A certain sadness is pardonable to one who watches the destruction of a grand natural phenomenon, even though its destruction bring blessings to the human race. Reason and conscience tell us, that it is right and good that the Great Fen should have become, instead of a waste and howling wilderness, a garden of the Lord, where
‘All the land in flowery squares,
Beneath a broad and equal-blowing wind,
Smells of the coming summer.’
And yet the fancy may linger, without blame, over the shining meres, the golden reed-beds, the countless water-fowl, the strange and gaudy insects, the wild nature, the mystery, the majesty—for mystery and majesty there were—which haunted the deep fens for many a hundred years. Little thinks the Scotsman, whirled down by the Great Northern Railway from Peterborough to Huntingdon, what a grand place, even twenty years ago, was that Holme and Whittlesea, which is now but a black, unsightly, steaming flat, from which the meres and reed-beds of the old world are gone, while the corn and roots of the new world have not as yet taken their place.
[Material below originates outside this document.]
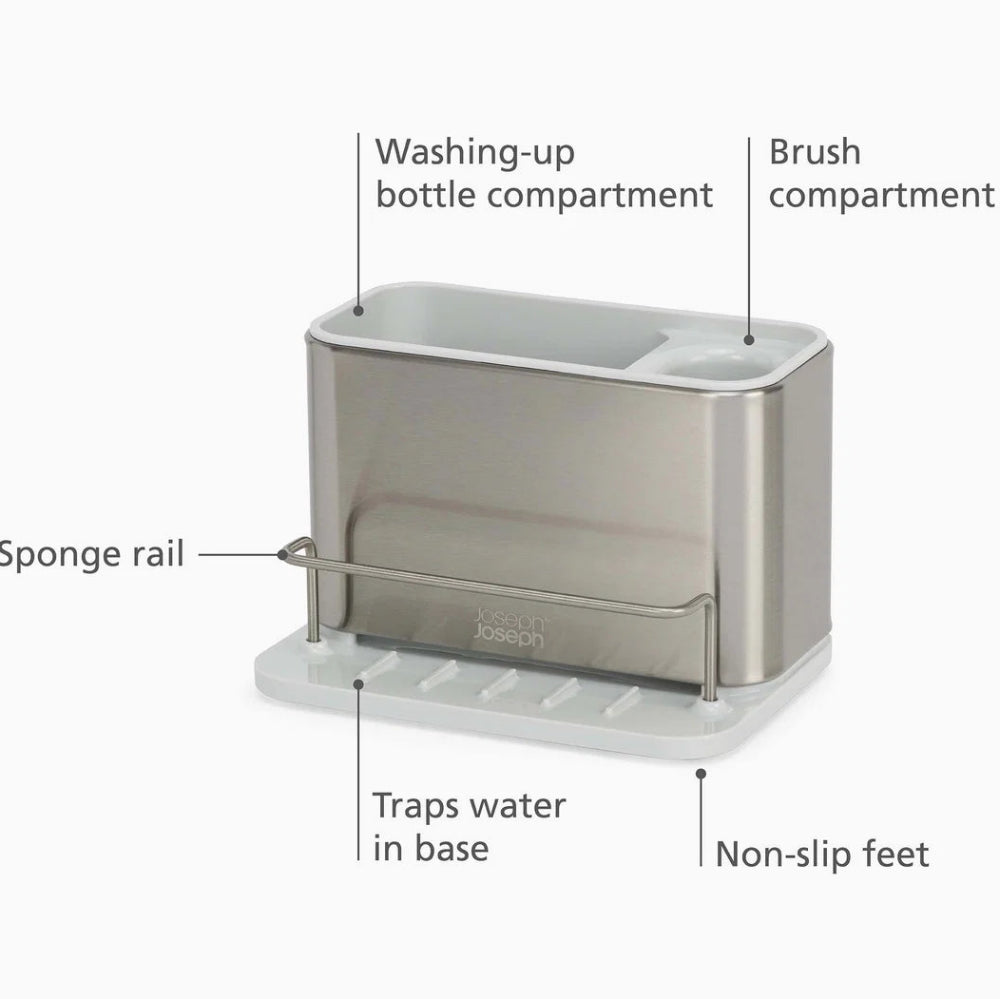 A stainless steel and white dish drying stand with labeled callouts pointing to its features: washing-up bottle compartment, brush compartment, sponge rail, traps water in base, and non-slip feet.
But grand enough it was, that black ugly place, when backed by Caistor Hanglands and Holme Wood, and the patches of the primæval forest; while dark-green alders, and pale-green reeds, stretched for miles round the broad lagoon, where the coot clanked, and the bittern boomed, and the sedge-bird, not content with its own sweet song, mocked the notes of all the birds around; while high overhead hung, motionless, hawk beyond hawk, buzzard beyond buzzard, kite beyond kite, as far as eye could see. Far off, upon the silver mere, would rise a puff of smoke from a punt, invisible from its flatness and its white paint. Then down the wind came the boom of the great stanchion-gun; and after that sound another sound, louder as it neared; a cry as of all the bells of Cambridge, and all the hounds of Cottesmore; and overhead rushed and whirled the skein of terrified wild-fowl, screaming, piping, clacking, croaking, filling the air with the hoarse rattle of their wings, while clear above all sounded the wild whistle of the curlew, and the trumpet note of the great wild swan.
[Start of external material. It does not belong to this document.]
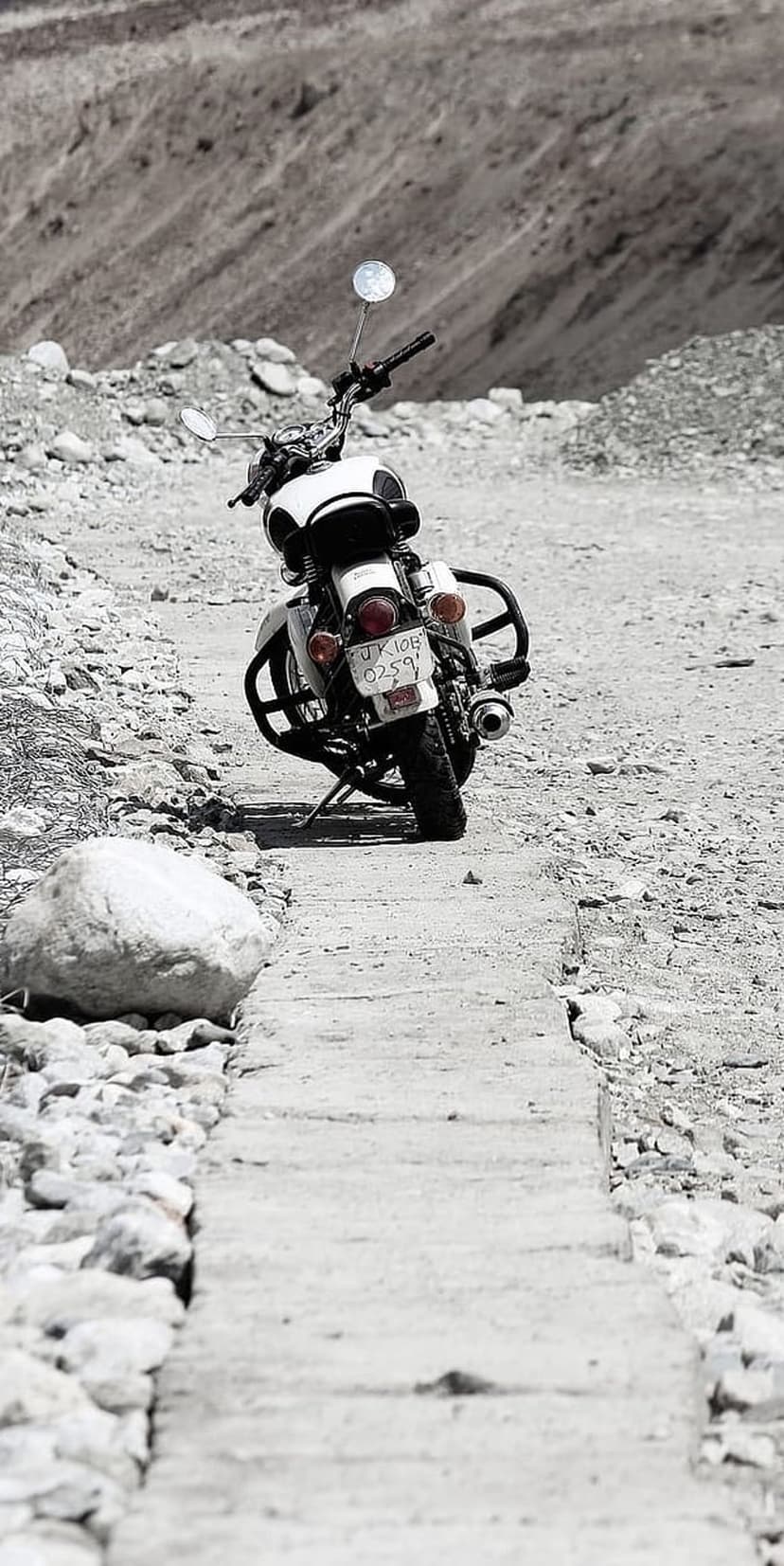 White motorcycle parked on a steep rocky mountain trail with grey scree slopes in the arid background.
They are all gone now. No longer do the ruffs trample the sedge into a hard floor in their fighting-rings, while the sober reeves stand round, admiring the tournament of their lovers, gay with ears and tippets, no two of them alike. Gone are ruffs and reeves, spoonbills, bitterns, avosets; the very snipe, one hears, disdains to breed. Gone, too, not only from Whittlesea but from the whole world, is that most exquisite of English butterflies, Lycæna dispar—the great copper; and many a curious insect more. Ah, well, at least we shall have wheat and mutton instead, and no more typhus and ague; and, it is to be hoped, no more brandy-drinking and opium-eating; and children will live and not die. For it was a hard place to live in, the old Fen; a place wherein one heard of ‘unexampled instances of longevity,’ for the same reason that one hears of them in savage tribes—that few lived to old age at all, save those iron constitutions which nothing could break down.
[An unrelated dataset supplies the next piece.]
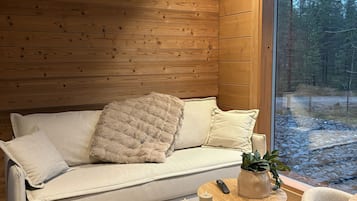 Une pièce chaleureuse avec un plafond en bois, un canapé agrémenté de coussins, une petite table ronde avec une télécommande, une bougie et une plante en pot.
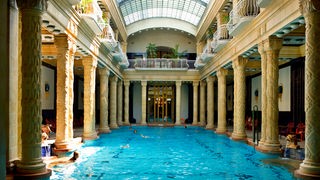 Thermalbad in Budapest mit kunstvoll verzierten Säulen und Glasdach.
And now, when the bold Fen-men, who had been fighting water by the help of wind, have given up the more capricious element for that more manageable servant fire; have replaced their wind-mills by steam-engines, which will work in all weathers; and have pumped the whole fen dry—even too dry, as the last hot summer proved; when the only bit of the primæval wilderness left, as far as I know, is 200 acres of sweet sedge and Lastræa thelypteris in Wicken Fen: there can be no harm in lingering awhile over the past, and telling of what the Great Fen was, and how it came to be that great flat which reaches (roughly speaking) from Cambridge to Peterborough on the south-west side, to Lynn and Tattershall on the north-east, some forty miles and more each way.
To do that rightly, and describe how the Fen came to be, one must go back, it seems to me, to an age before all history; an age which cannot be measured by years or centuries; an age shrouded in mystery, and to be spoken of only in guesses. To assert anything positively concerning that age, or ages, would be to show the rashness of ignorance. ‘I think that I believe,’ ‘I have good reason to suspect,’ ‘I seem to see,’ are the strongest forms of speech which ought to be used over a matter so vast and as yet so little elaborated.